(Dataset excerpts)
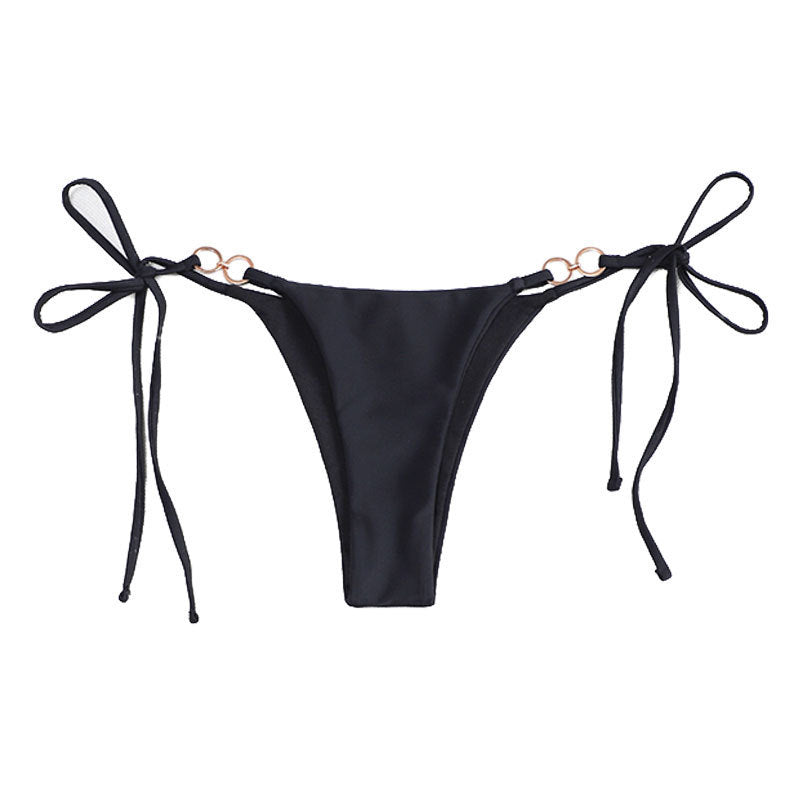 Damen Bikini-Unterteil mit verstellbaren Bändern und elegante Ringdetails Drune
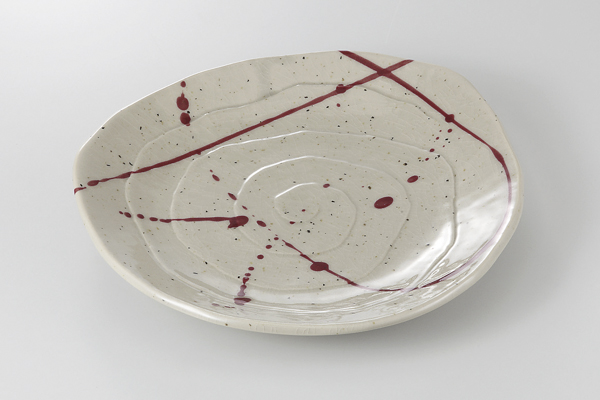 辰砂散らし 9.0三角皿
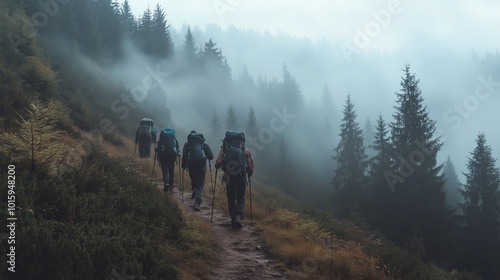 A group of hikers ascends a winding trail surrounded by dense evergreen trees while mist rolls through the landscape, creating a serene atmosphere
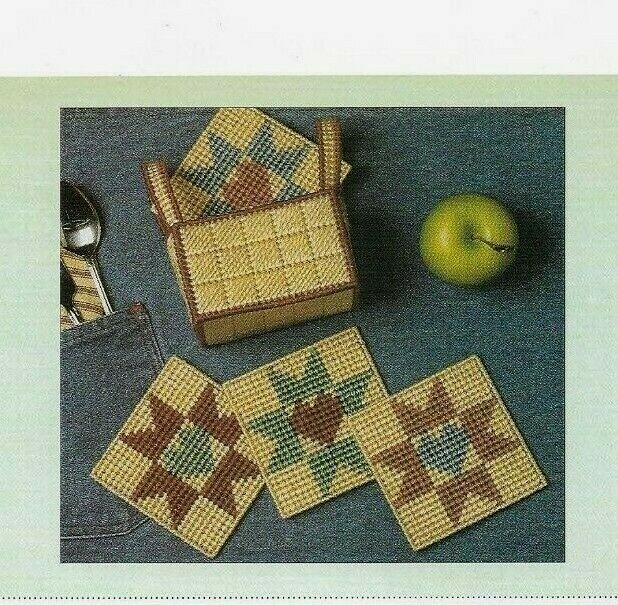 QUILT SQUARES COASTERS HOME DECOR PLASTIC CANVAS PATTERN INSTRUCTIONS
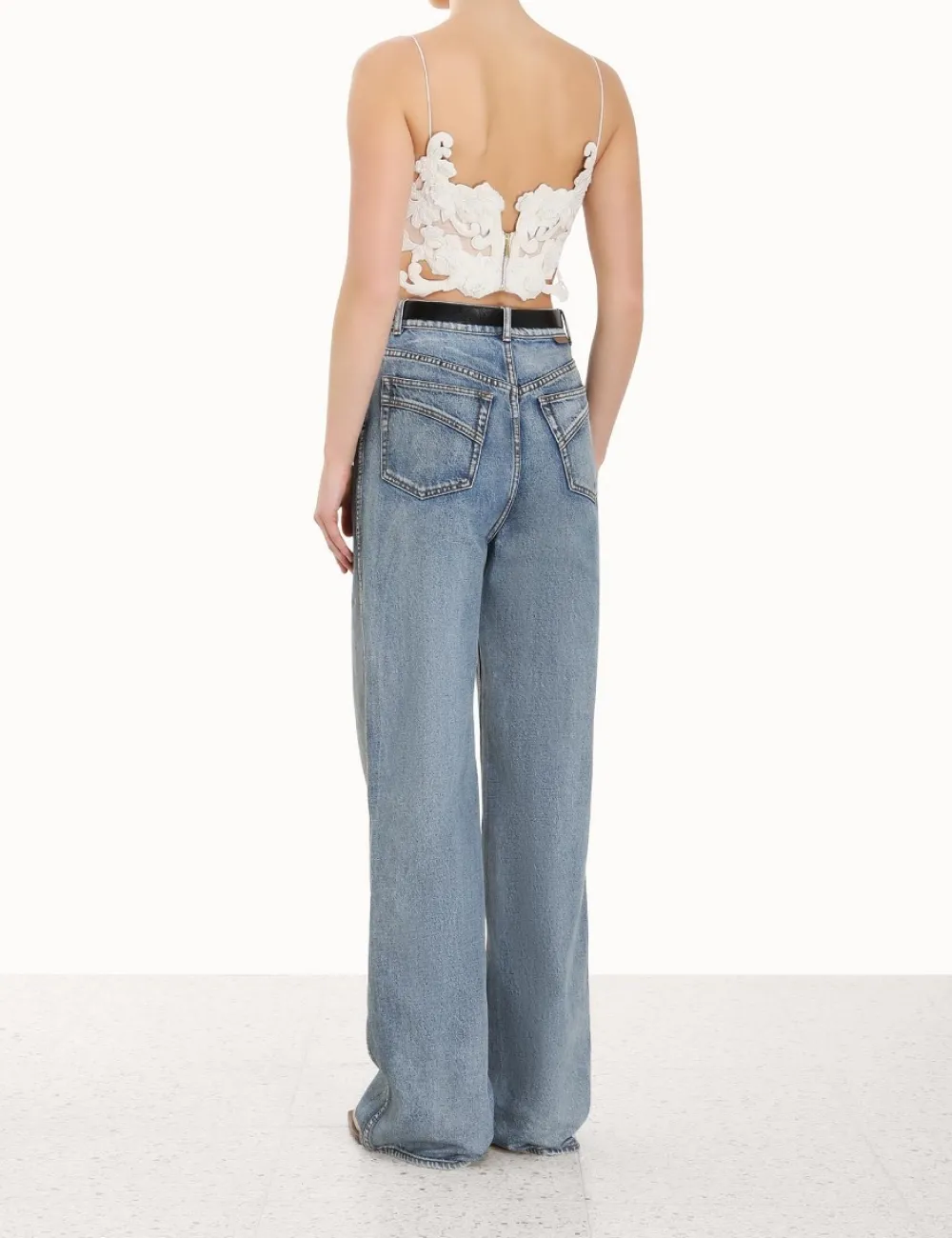 ZIMMERMANN Sensory Velvet Lace Bodice-Women Luminosity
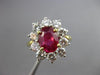 ESTATE LARGE 3.8CT DIAMOND & AAA RUBY 18K YELLOW GOLD & PLATINUM ENGAGEMENT RING
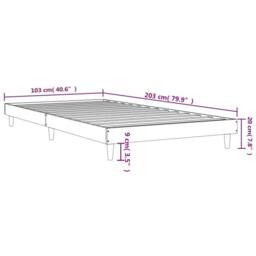 Berkfield Home Durable Bed Frame Smoked Oak 100x200 cm Engineered Wood in Brown - thumbnail 9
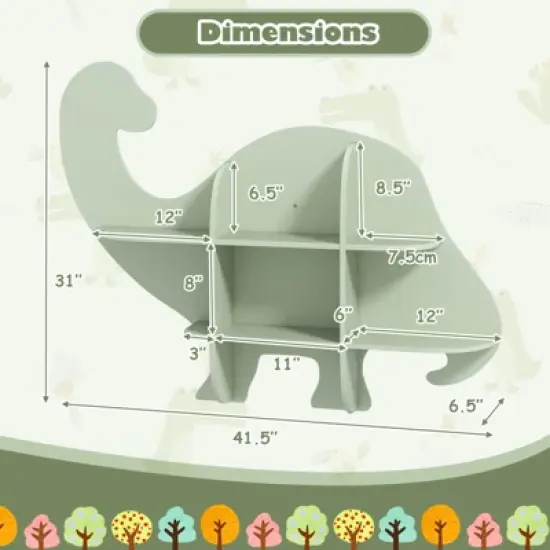 Infans 2-Tier Floating Dinosaur Kids Bookshelf Wall-Mounted Nursery Book Shelf image {1}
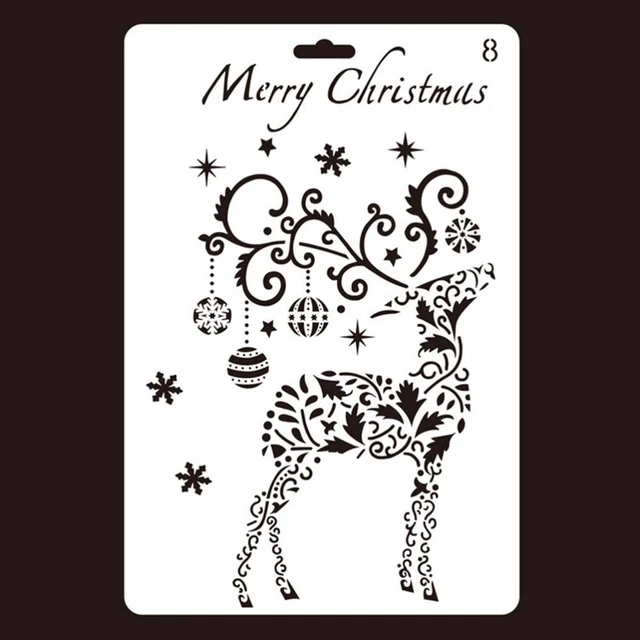 12 piezas Hoja de dibujo Plantilla de pintura navideña Plantillas de dibujo navideño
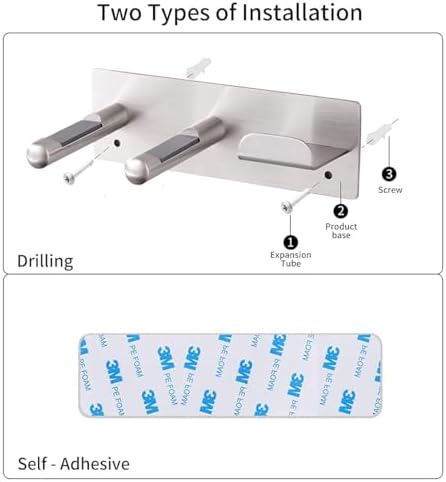 Hair Dryer Holder, SUS304 Adhesive Blow Dryer Holder Wall Mounted Compatible with Dyson Hair Dryer, Hair Dryer Organizer Dyson Hair Dryer Wall Mount - Image 4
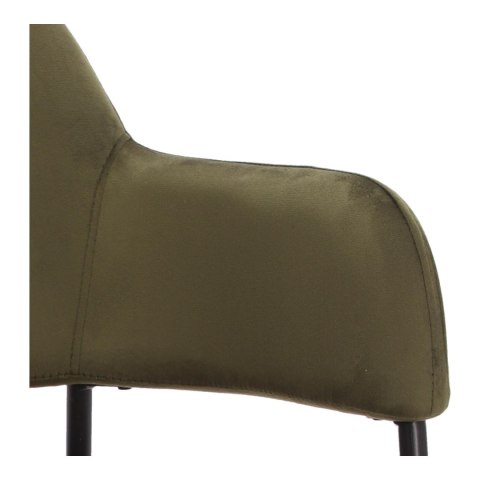 Zestaw 2 krzeseł Lima welurowych z podłokietnikami zielone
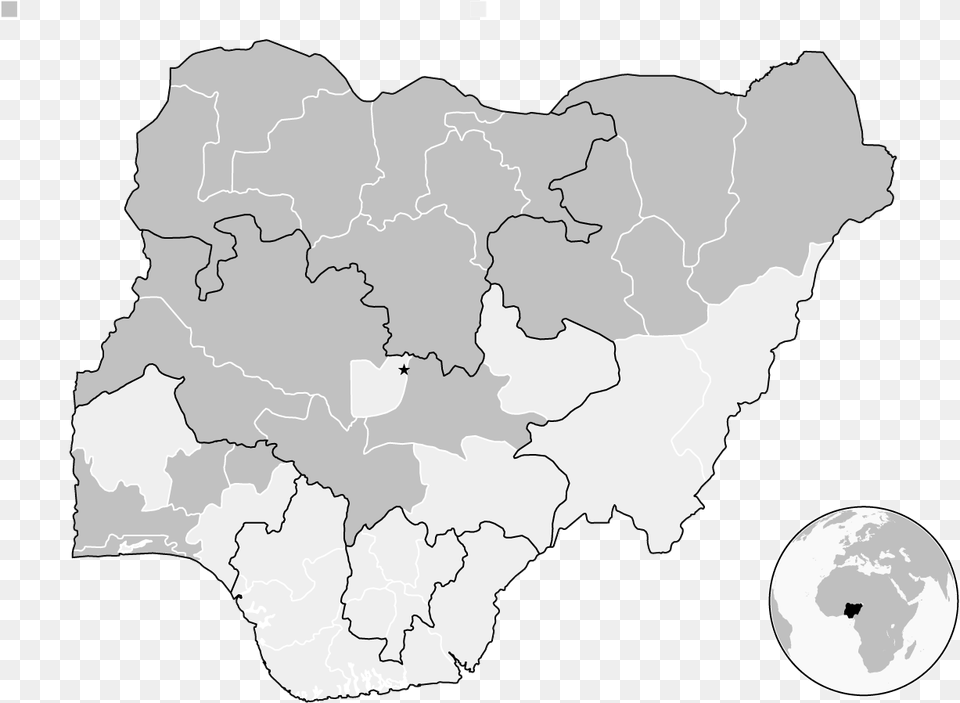 Buhari Wins Second Term Silhouette Map Of Nigeria, Chart, Plot, Atlas, Diagram Free Transparent Png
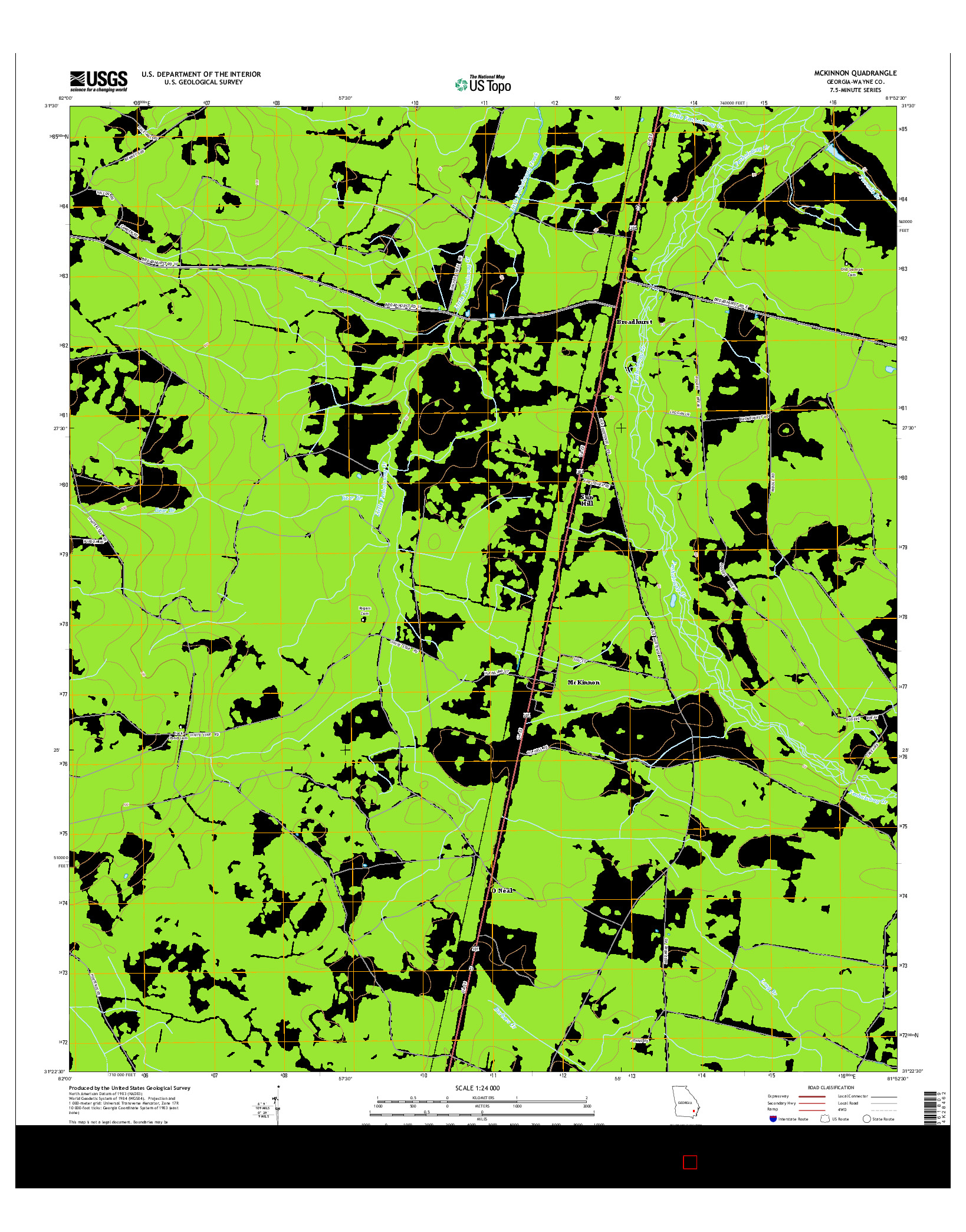 USGS US TOPO 7.5-MINUTE MAP FOR MCKINNON, GA 2014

TASK REQUIREMENTS: Nothing but the exact text of the records should appear in your answer, with no pictures. Please write it out.

COMPLETED TASK:
 Damen Bikini-Unterteil mit verstellbaren Bändern und elegante Ringdetails Drune
 辰砂散らし 9.0三角皿
 A group of hikers ascends a winding trail surrounded by dense evergreen trees while mist rolls through the landscape, creating a serene atmosphere
 QUILT SQUARES COASTERS HOME DECOR PLASTIC CANVAS PATTERN INSTRUCTIONS
 ZIMMERMANN Sensory Velvet Lace Bodice-Women Luminosity
 ESTATE LARGE 3.8CT DIAMOND & AAA RUBY 18K YELLOW GOLD & PLATINUM ENGAGEMENT RING
 Berkfield Home Durable Bed Frame Smoked Oak 100x200 cm Engineered Wood in Brown - thumbnail 9
 Infans 2-Tier Floating Dinosaur Kids Bookshelf Wall-Mounted Nursery Book Shelf image {1}
 12 piezas Hoja de dibujo Plantilla de pintura navideña Plantillas de dibujo navideño
 Hair Dryer Holder, SUS304 Adhesive Blow Dryer Holder Wall Mounted Compatible with Dyson Hair Dryer, Hair Dryer Organizer Dyson Hair Dryer Wall Mount - Image 4
 Zestaw 2 krzeseł Lima welurowych z podłokietnikami zielone
 Buhari Wins Second Term Silhouette Map Of Nigeria, Chart, Plot, Atlas, Diagram Free Transparent Png
 USGS US TOPO 7.5-MINUTE MAP FOR MCKINNON, GA 2014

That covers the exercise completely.